Welche wissenschaftlichen Methoden werden verwendet?
Die Arbeit basiert auf einer Literaturanalyse und dem systematischen Vergleich bestehender Bewertungsmodelle aus der Raum- und Umweltplanung sowie deren kritischer Hinterfragung anhand definierter Qualitätskriterien.
Was wird im Hauptteil der Arbeit behandelt?
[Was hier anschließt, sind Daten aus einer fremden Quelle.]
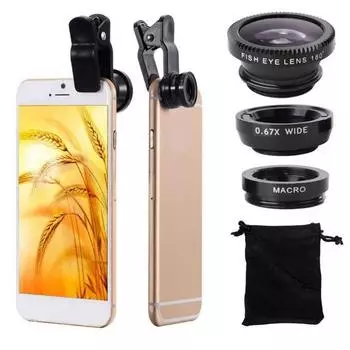 Черный 3в1 «рыбий глаз»+макро+широкоугольный зажим для объектива камеры для Iphone Samsung
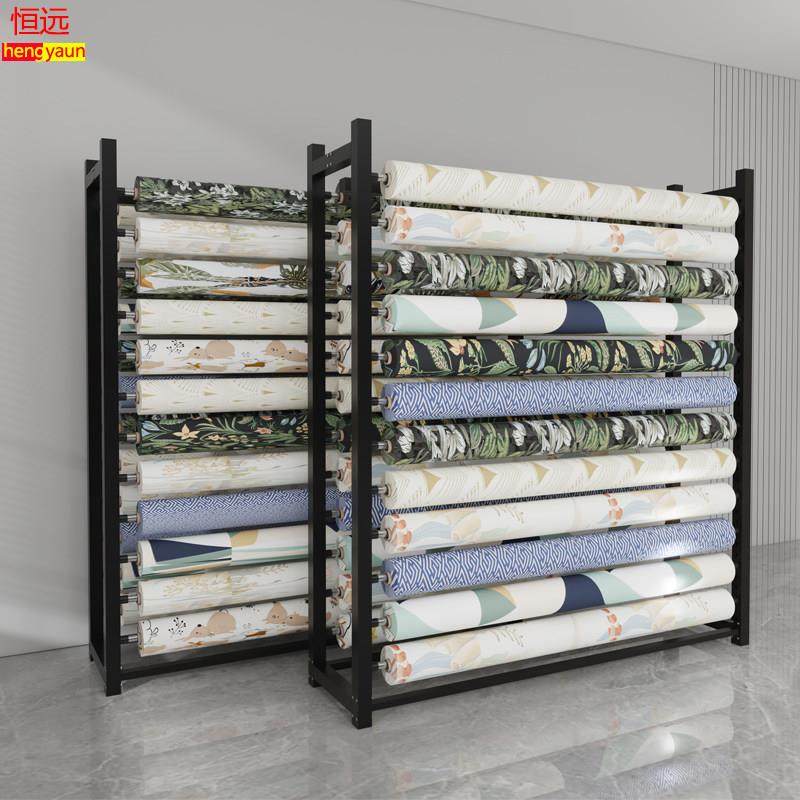 纺织面料展示架服装布料展架家访布卷样货架布匹桌布地毯皮革架子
Der Hauptteil gliedert sich in die theoretischen Grundlagen der Aggregation und Zuordnung sowie die Vorstellung und kritische Analyse konkreter Verfahren wie KNA, NWA und ökologischer Risikoanalysen.
Welche Schlüsselwörter charakterisieren die Arbeit?
Die Arbeit wird durch Begriffe wie Planungsbewertung, Nutzwertanalyse, Aggregation, Objektivität, Nachvollziehbarkeit und Umweltverträglichkeitsprüfung definiert.
Warum ist die Nutzwertanalyse in der Kritik?
Die Nutzwertanalyse steht in der Kritik, da sie durch mathematische Berechnungen eine Genauigkeit suggeriert, die in der Realität oft nicht gegeben ist, und weil ökologische, ökonomische und soziale Werte unzulässig miteinander verrechnet werden.
Welche Rolle spielt das Wertsystem des Planers?
Das Wertsystem ist entscheidend, da es definiert, welche Faktoren als wichtig erachtet werden, und somit maßgeblichen Einfluss auf das Ergebnis des Bewertungsprozesses nimmt.
Was unterscheidet formale von verbal-argumentativen Methoden?
Während formale Methoden ein festes, regelbasiertes Vorgehen zur Aggregation erfordern, basieren verbal-argumentative Methoden auf reiner Argumentation ohne striktes Zielsystem, was zu höherer Subjektivität führt.
Warum ist das Fazit der Arbeit „ewig ambivalent“?
Weil bei jeder Bewertung ein ständiger Kompromiss zwischen wissenschaftlicher Komplexität, praktischer Anwendbarkeit, Bürgerwünschen nach Vereinfachung und dem Anspruch auf objektive Neutralität gefunden werden muss.